WHAT THE EXERCISE ASKS ▸
Below is a block of records: output all of them exactly and leave out the pictures.

[[ DATA EXTRACTS, beginning ]]

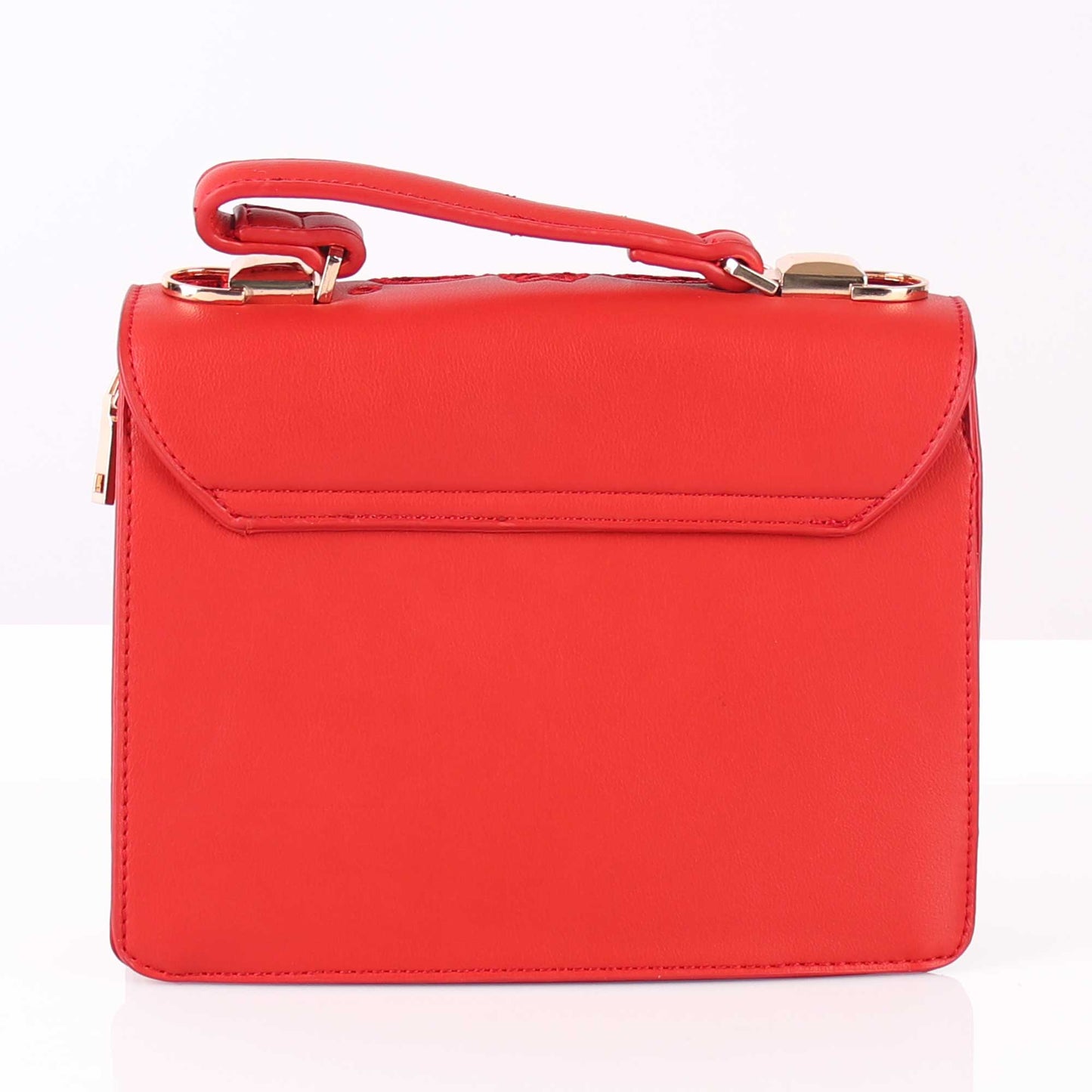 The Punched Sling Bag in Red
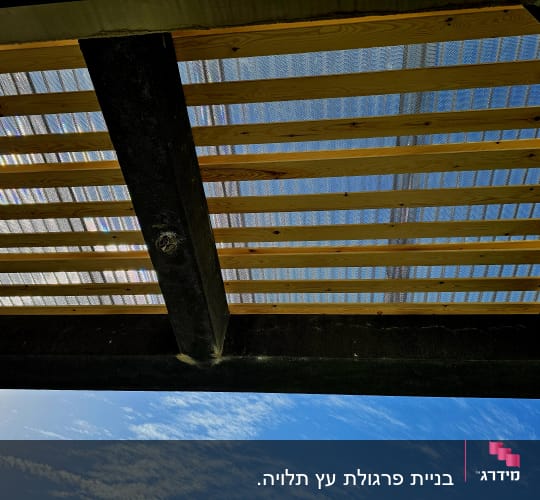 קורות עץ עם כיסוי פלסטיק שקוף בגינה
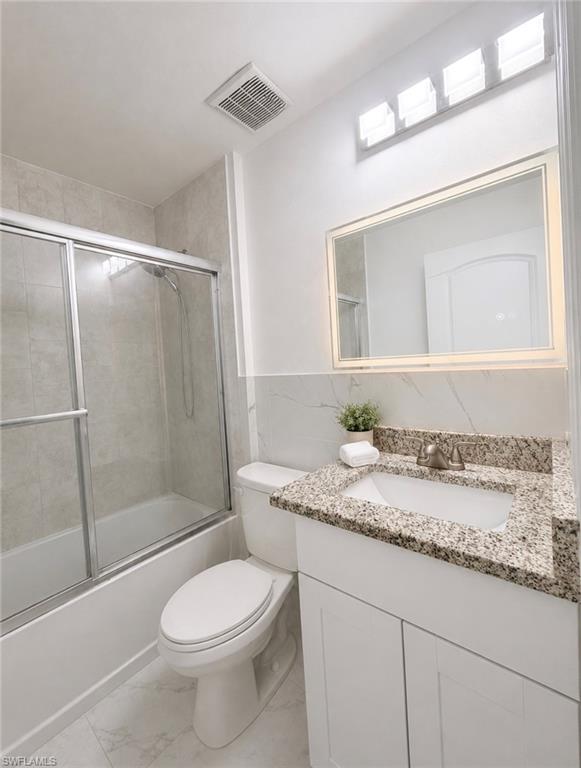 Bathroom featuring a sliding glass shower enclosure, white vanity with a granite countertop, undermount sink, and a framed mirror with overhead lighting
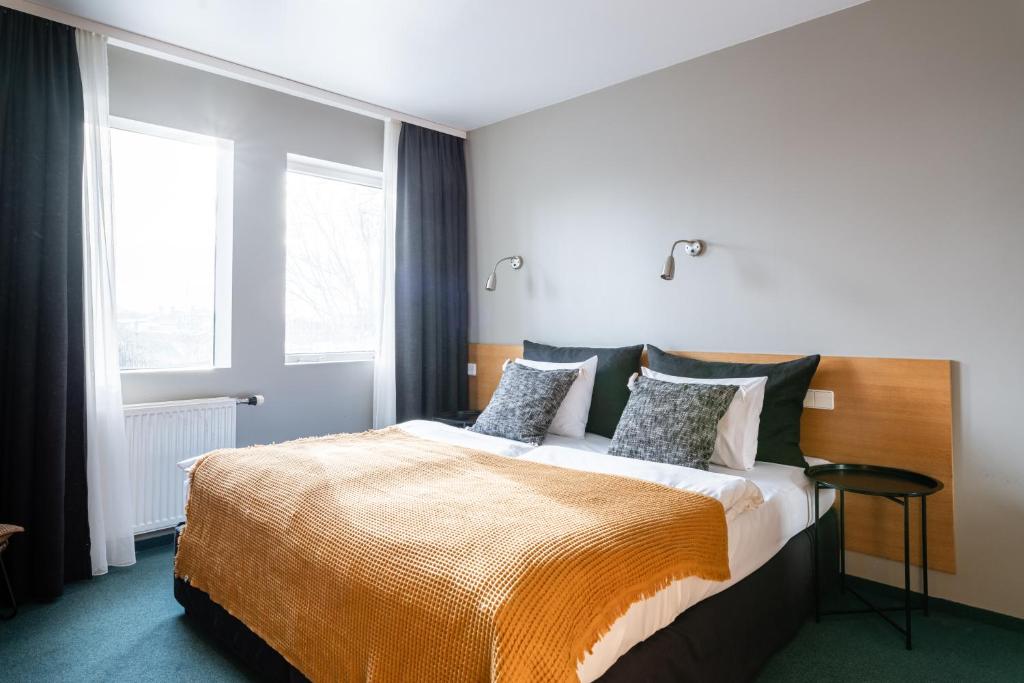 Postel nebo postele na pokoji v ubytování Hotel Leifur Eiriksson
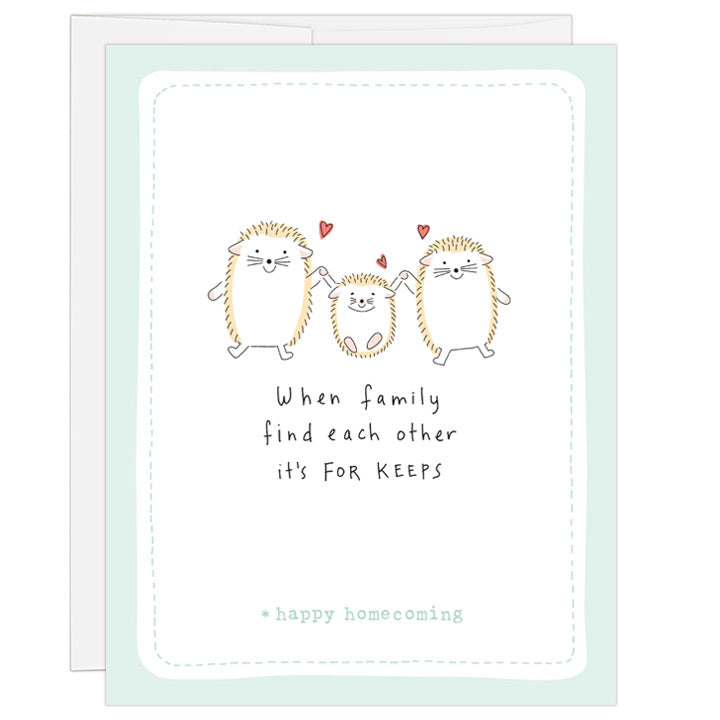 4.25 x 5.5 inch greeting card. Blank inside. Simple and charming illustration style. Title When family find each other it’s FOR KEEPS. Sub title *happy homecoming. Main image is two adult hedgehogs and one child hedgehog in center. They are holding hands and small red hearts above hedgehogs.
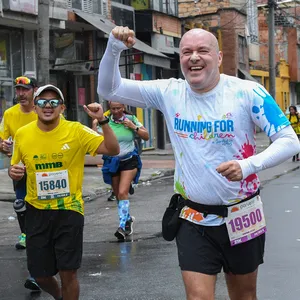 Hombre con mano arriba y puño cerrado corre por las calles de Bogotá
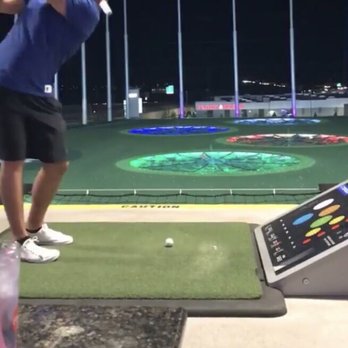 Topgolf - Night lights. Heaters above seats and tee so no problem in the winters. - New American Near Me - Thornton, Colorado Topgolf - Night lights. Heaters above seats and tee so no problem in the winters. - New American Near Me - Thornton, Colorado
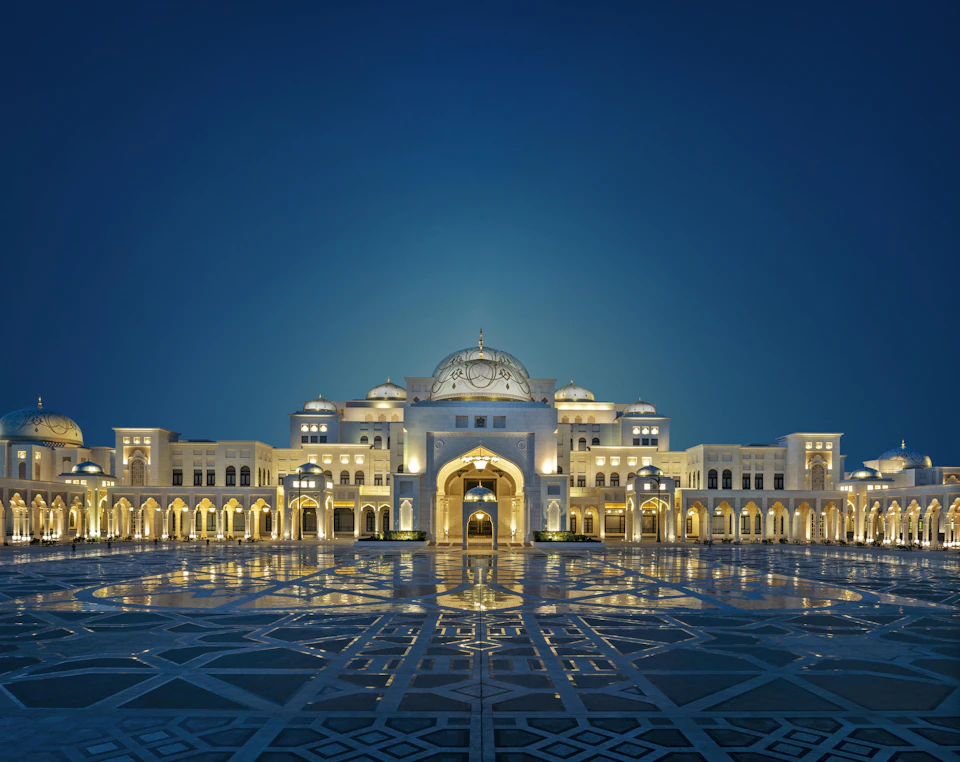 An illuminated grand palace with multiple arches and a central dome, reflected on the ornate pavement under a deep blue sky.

[[ DATA EXTRACTS, end ]]

ANSWER TO THIS EXERCISE ▸
 The Punched Sling Bag in Red
 קורות עץ עם כיסוי פלסטיק שקוף בגינה
 Bathroom featuring a sliding glass shower enclosure, white vanity with a granite countertop, undermount sink, and a framed mirror with overhead lighting
 Postel nebo postele na pokoji v ubytování Hotel Leifur Eiriksson
 4.25 x 5.5 inch greeting card. Blank inside. Simple and charming illustration style. Title When family find each other it’s FOR KEEPS. Sub title *happy homecoming. Main image is two adult hedgehogs and one child hedgehog in center. They are holding hands and small red hearts above hedgehogs.
 Hombre con mano arriba y puño cerrado corre por las calles de Bogotá
 Topgolf - Night lights. Heaters above seats and tee so no problem in the winters. - New American Near Me - Thornton, Colorado Topgolf - Night lights. Heaters above seats and tee so no problem in the winters. - New American Near Me - Thornton, Colorado
 An illuminated grand palace with multiple arches and a central dome, reflected on the ornate pavement under a deep blue sky.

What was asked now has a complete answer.